The following program is available on a system you have user access to.

$ stat probe
  File: 'probe'
  Size: 6312            Blocks: 16         IO Block: 4096   regular file
Device: 13h/69d         Inode: 42          Links: 1
Access: (4775/-rwsrwxr-x)  Uid: (    0/    root)   Gid: (    0/    root)
Access: 2015-04-01 16:20:00.000000000 +0300
Modify: 2015-04-01 16:20:00.000000000 +0300
Change: 2015-04-01 16:20:00.000000000 +0300
 Birth: -

The program asks the user for a file path and tells them whether such a file exists. Its reach is not limited to files owned by or shared with the user.
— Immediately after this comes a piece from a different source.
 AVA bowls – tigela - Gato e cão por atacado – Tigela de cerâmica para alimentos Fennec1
As the access flag s indicates, the program is run with elevated privileges, because it must be able to inspect the whole system.
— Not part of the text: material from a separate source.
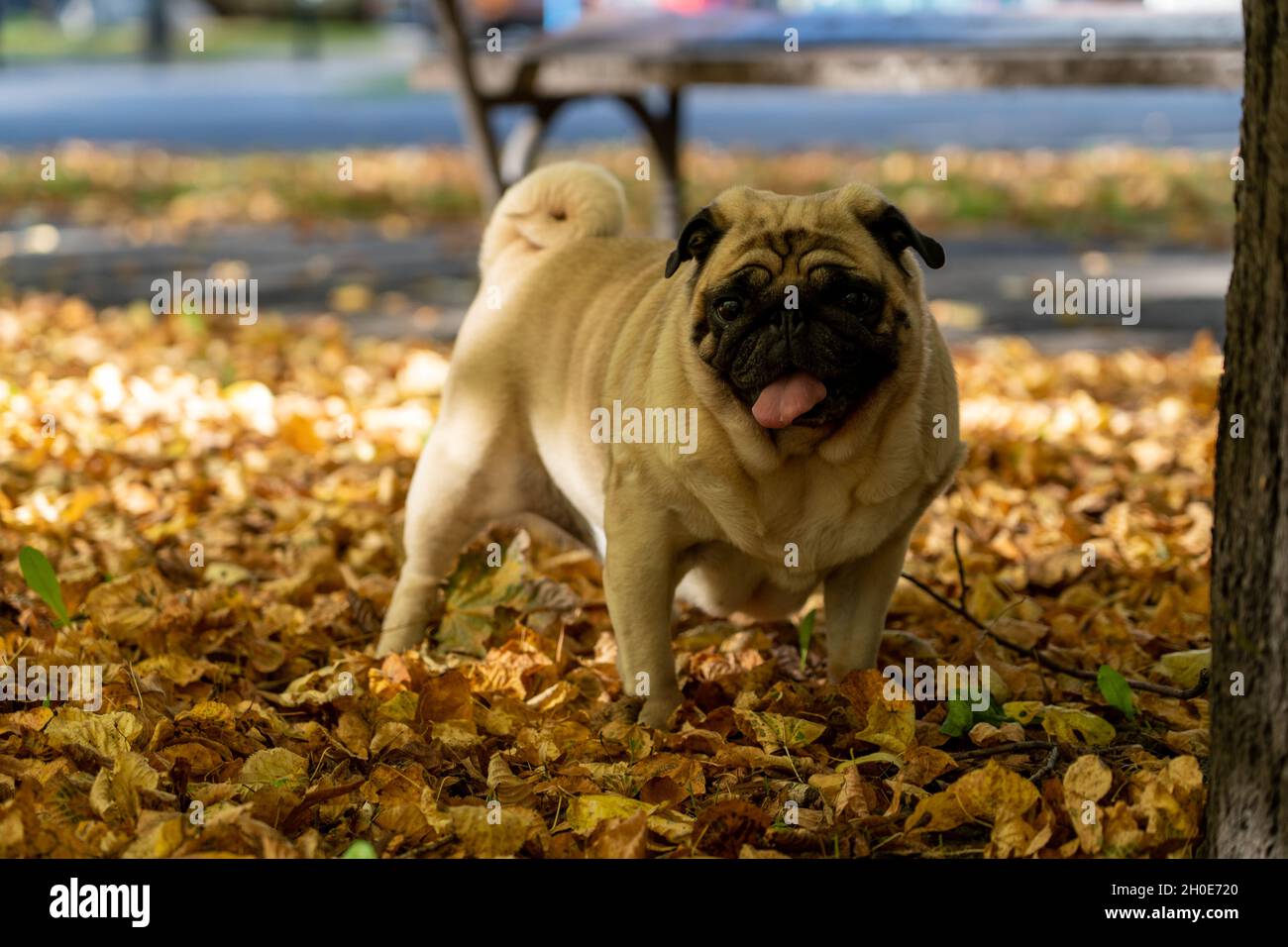 Pug Stock Photo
The program looks harmless, but has a bug that allows an apt user to take over the ~~world~~ system. Your task is to

find the bug,
use it for evil and
fix it in your own version.

If you are incapable of evil, at least

make the program crash and
explain how someone could use it for more.
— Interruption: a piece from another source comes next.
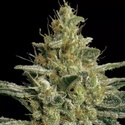 Allkush (Paradise Seeds) feminizovaná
The source code of the program is shown below.

#include <errno.h>
#include <langinfo.h>
#include <limits.h>
#include <locale.h>
#include <stdbool.h>
#include <stdio.h>
#include <stdlib.h>
#include <string.h>
#include <unistd.h>

static int report_ascii(char const* const path,
    bool const exists) {
  return printf("The file '%s' %s!\n", path, exists
      ? "exists"
      : "does not exist");
}

#define LSQM "\342\200\230"
#define RSQM "\342\200\231"

static int report_unicode(char const* const path,
    bool const exists) {
  return printf("The file " LSQM "%s" RSQM " %s!\n", path, exists
      ? "exists"
      : "does not exist");
}

#undef LSQM
#undef RSQM

int main(void) {
  int (* report)(char const*, bool);
  char buf[_POSIX_PATH_MAX];
  bool exists;
  size_t size;

  report = setlocale(LC_CTYPE, "") != NULL
    && strcmp(nl_langinfo(CODESET), "UTF-8") == 0
    ? report_unicode
    : report_ascii;

  if (system("echo What file would you like to probe?") == -1) {
    perror("system");

    return EXIT_FAILURE;
  }

  size = fread(buf, 1, PATH_MAX - 1, stdin);
  if (ferror(stdin)) {
    perror("fread");

    return EXIT_FAILURE;
  }

  if (size > 0 && buf[size - 1] == '\n')
    buf[size - 1] = '\0';
  else
    buf[size] = '\0';

  if (access(buf, F_OK) == -1) {
    if (errno != ENOENT) {
      perror("access");

      return EXIT_FAILURE;
    }

    exists = false;
  } else
    exists = true;

  if (report(buf, exists) < 0) {
    perror("report");

    return EXIT_FAILURE;
  }

  return EXIT_SUCCESS;
}

The program is available as an ELF 64-bit LSB executable for x86-64 architectures.

If you want to compile the program yourself, make sure to turn off all the analysis, optimization and security features your compiler has to offer. They can modify the program in unexpected ways and make the exercise difficult or impossible.

For example GCC 4.8.2 can be instructed as follows.

$ gcc -D_GNU_SOURCE -O0 -fno-stack-protector -o probe -std=c99 -w probe.c

See its manual for unnecessary details.